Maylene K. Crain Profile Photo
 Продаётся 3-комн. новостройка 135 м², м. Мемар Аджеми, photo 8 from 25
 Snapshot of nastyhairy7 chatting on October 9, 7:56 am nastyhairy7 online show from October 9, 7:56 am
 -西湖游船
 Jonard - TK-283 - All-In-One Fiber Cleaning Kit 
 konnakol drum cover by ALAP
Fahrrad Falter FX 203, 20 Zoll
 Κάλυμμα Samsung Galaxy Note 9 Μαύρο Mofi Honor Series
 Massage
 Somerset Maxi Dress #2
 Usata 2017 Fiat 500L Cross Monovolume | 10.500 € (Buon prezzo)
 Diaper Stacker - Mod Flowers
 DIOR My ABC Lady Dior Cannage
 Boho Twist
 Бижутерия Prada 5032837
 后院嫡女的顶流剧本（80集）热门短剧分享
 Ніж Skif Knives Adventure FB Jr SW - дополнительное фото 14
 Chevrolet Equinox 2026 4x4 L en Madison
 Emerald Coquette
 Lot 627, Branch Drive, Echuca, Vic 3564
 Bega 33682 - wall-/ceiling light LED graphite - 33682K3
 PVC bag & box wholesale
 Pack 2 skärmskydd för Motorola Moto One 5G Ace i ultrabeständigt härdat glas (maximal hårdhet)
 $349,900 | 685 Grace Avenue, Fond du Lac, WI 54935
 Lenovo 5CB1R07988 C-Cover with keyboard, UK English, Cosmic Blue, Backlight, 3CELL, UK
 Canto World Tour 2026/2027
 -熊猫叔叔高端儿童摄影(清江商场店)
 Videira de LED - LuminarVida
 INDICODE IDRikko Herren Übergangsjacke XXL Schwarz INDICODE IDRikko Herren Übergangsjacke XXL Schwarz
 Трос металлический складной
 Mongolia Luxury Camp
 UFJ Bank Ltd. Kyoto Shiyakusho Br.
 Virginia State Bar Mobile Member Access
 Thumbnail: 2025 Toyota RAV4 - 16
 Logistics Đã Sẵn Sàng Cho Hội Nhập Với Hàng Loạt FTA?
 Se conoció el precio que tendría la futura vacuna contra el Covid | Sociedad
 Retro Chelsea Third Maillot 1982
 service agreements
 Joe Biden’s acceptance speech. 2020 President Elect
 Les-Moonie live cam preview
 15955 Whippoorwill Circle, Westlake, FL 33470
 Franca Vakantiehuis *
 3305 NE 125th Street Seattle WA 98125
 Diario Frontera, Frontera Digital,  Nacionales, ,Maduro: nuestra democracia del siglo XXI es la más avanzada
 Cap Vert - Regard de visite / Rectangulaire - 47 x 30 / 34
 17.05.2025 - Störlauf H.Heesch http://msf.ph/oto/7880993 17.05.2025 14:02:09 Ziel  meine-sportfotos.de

__Problem requirements__. Copy out every line of the listing where the word "from" occurs.

__Result for this task__.
 Продаётся 3-комн. новостройка 135 м², м. Мемар Аджеми, photo 8 from 25
 Snapshot of nastyhairy7 chatting on October 9, 7:56 am nastyhairy7 online show from October 9, 7:56 am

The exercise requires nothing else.